Todos inspiradísimos tomando fotos, o bueno, más bien tratando de tomar fotos que le hicieran justicia al lugar.

Mayra y Arturo derrochando amor se adelantan; Omar y Manu en su especie de competencia rara por tomar las mejores fotos/bromance en el segundo mini grupo; yo abrazando árboles, cantando, llorando y gritando (todo al mismo tiempo) en el tercero; y Rebe hasta el final, caminando lento con sus botas vaqueras cero adecuadas para el hike, pero increíbles para el look vaquero.

@rebecoisse/@manumanuti

Un lugar al que ninguna foto, palabra o video le puede rendir lo suficiente. Llegamos al fondo después de como 1 hora y media y decidimos no tan unánimemente empezar el regreso, el cual estaba bastante pesado.

@fercaballero

@mayracareno/@rood_omar

Decidí separarme un poco del grupo por dos razones: uno, poder absorber a fondo el lugar sin distracción alguna; dos, ir un poco más rápido y hacer un buen cardio para contrarrestar lo mal que hemos comido.

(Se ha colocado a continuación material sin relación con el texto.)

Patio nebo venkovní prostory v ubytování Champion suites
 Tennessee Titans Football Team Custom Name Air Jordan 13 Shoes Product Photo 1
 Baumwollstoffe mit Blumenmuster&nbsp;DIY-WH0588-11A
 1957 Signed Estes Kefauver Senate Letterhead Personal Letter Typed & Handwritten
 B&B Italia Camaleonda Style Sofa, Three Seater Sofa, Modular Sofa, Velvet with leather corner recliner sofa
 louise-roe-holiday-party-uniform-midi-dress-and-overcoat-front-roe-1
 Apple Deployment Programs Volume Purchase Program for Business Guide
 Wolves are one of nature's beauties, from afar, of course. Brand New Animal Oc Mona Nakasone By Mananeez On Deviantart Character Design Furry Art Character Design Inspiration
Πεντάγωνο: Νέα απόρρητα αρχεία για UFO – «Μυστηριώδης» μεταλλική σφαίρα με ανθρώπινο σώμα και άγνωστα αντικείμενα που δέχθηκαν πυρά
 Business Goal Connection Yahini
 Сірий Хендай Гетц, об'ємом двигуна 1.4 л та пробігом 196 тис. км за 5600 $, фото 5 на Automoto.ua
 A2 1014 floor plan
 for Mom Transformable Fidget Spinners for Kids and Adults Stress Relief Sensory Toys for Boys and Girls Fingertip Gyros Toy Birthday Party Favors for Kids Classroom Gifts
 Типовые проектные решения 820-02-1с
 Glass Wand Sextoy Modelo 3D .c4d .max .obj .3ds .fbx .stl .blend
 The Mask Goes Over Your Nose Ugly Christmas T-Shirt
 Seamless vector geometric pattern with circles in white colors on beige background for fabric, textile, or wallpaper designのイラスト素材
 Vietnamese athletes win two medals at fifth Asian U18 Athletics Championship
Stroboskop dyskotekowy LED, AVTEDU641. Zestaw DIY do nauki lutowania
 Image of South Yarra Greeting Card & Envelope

Agarré muy buen ritmo y ese hike fue una belleza. Empezó a ponerse cada vez más fuerte, audífonos en los oídos escuchando reggae (que Arturo tiene totalmente castigado en la van) y aire puro llenando mis pulmones.

@imjustafox

@manumanuti/@rood_omar

Cada paso, un respiro nuevo.Mi cabeza, ya de buenas:

– Que belleza de lugar, y tu que no querías venir.

La música cada vez mejor, voy todavía más rápido. Otro paso:

– Qué afortunada eres. ¿Lo puedes sentir, de verdad?

Cada paso llenándome de vida, sintiendo la fuerza de mis piernas.

Entendiendo todo lo que han caminado, lo que he caminado.

@manumanuti

Otro paso:

– Qué belleza de personas te tocaron para este viaje, qué regalo.

Aquí me quité los audífonos, me senté a meditar en un árbol que me llamó la atención desde el inicio del hike, y los esperé para hacer el último tramito juntos e ir a comer.

Meditando:

– Qué belleza este lugar, que belleza este momento, que belleza esta gente que ahorita va a llegar”.

No les he dicho, pero sus caminos ya marcaron el mío.

Y en eso, como 20 minutos después los veo, extremadamente “bofeados”.

@mayracarreno/@manumanuti

Primero Rebe, con todo y su outfit inestable, qué poder; luego Arturo y Mayra, con los pulmones afuera pero agarrados de la mano. (lloro por dentro); a lo último Manu y Omar, atacados de la risa y empapados en sudor, pero buscando hasta la última foto.

No me contengo, grito:

– ¡QUÉ BELLEZA TODO! ¡Qué increíble hike! ¡Qué bueno que venimos!”. Y me carcajeo.

Todos con cara de ‘“y ahora qué le pasa a esta vieja?”.

Nos subimos al carro otra vez en busca de un desayuno de verdad, y al poco tiempo, ya estábamos otra vez subiendo un cerro más para llegar a la cima y poder llevarnos el recuerdo completo del lugar.

Mayra y Rebe tomando retratos increíbles; Manu y Arturo sacando el drone para grabar hasta dónde llegamos (que sí fue increíble); yo trepada en una piedra a nada del barranco; y Omar ayudándome a sacar LA FOTO (la de la derecha).

@manumanuti/@fercaballero

Sobra decir que para las 7 de la tarde estábamos todos lo que le sigue a exhaustos. Compramos unas cervezas, regresamos a la cabaña para preparar la cena y empacar.

@mayracarreno

Y sí, ayer caí como costal en la cama sin sentir nada, ni los ronquidos de Manu. Dormí con una gran sonrisa en la cara, sabiendo que tengo una nueva familia a la que le gusta ir y venir para poder llenarse la vida de días como este.